● Prompt: Write out, please, each line from the one containing "The MISP installer" to the final line of the data, both included, exactly and without pictures.

● Material provided:

★ ★ ★ ★ ★

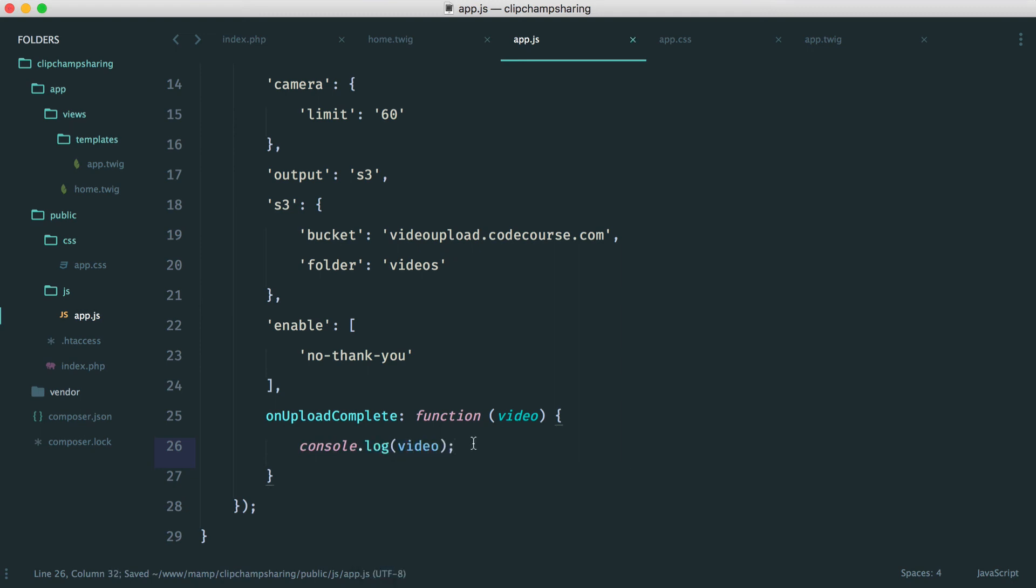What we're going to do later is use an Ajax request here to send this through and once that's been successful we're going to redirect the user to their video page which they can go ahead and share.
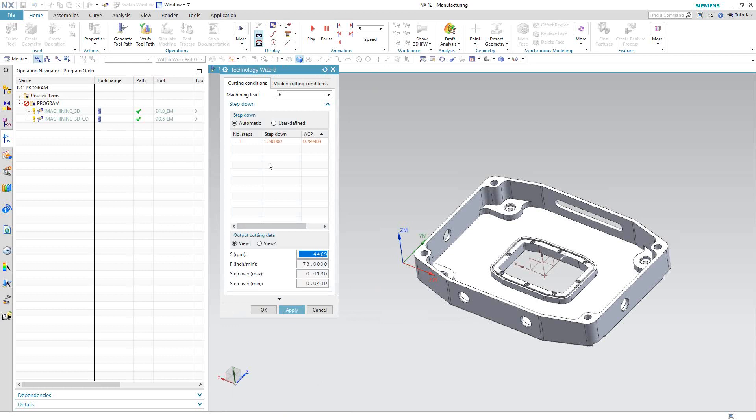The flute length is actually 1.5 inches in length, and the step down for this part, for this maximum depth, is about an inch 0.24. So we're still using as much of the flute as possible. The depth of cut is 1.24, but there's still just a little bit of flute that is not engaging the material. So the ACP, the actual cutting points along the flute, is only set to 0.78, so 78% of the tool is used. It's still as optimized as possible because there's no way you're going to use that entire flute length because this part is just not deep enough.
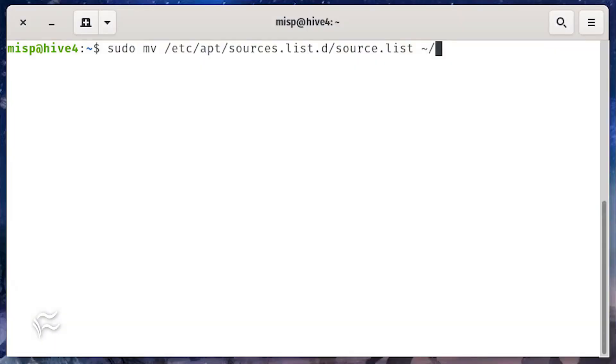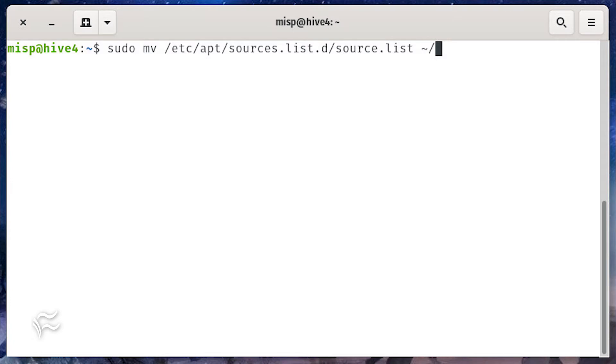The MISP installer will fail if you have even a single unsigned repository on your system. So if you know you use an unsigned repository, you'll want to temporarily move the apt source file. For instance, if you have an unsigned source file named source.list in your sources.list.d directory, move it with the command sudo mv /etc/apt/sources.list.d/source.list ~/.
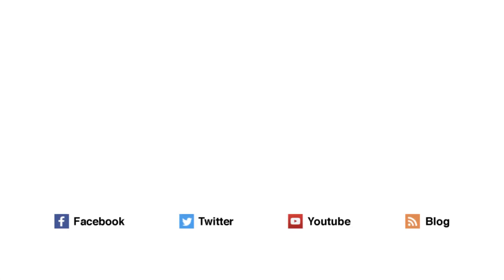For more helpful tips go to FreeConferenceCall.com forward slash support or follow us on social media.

★ ★ ★ ★ ★

● Worked solution:
The MISP installer will fail if you have even a single unsigned repository on your system. So if you know you use an unsigned repository, you'll want to temporarily move the apt source file. For instance, if you have an unsigned source file named source.list in your sources.list.d directory, move it with the command sudo mv /etc/apt/sources.list.d/source.list ~/.
For more helpful tips go to FreeConferenceCall.com forward slash support or follow us on social media.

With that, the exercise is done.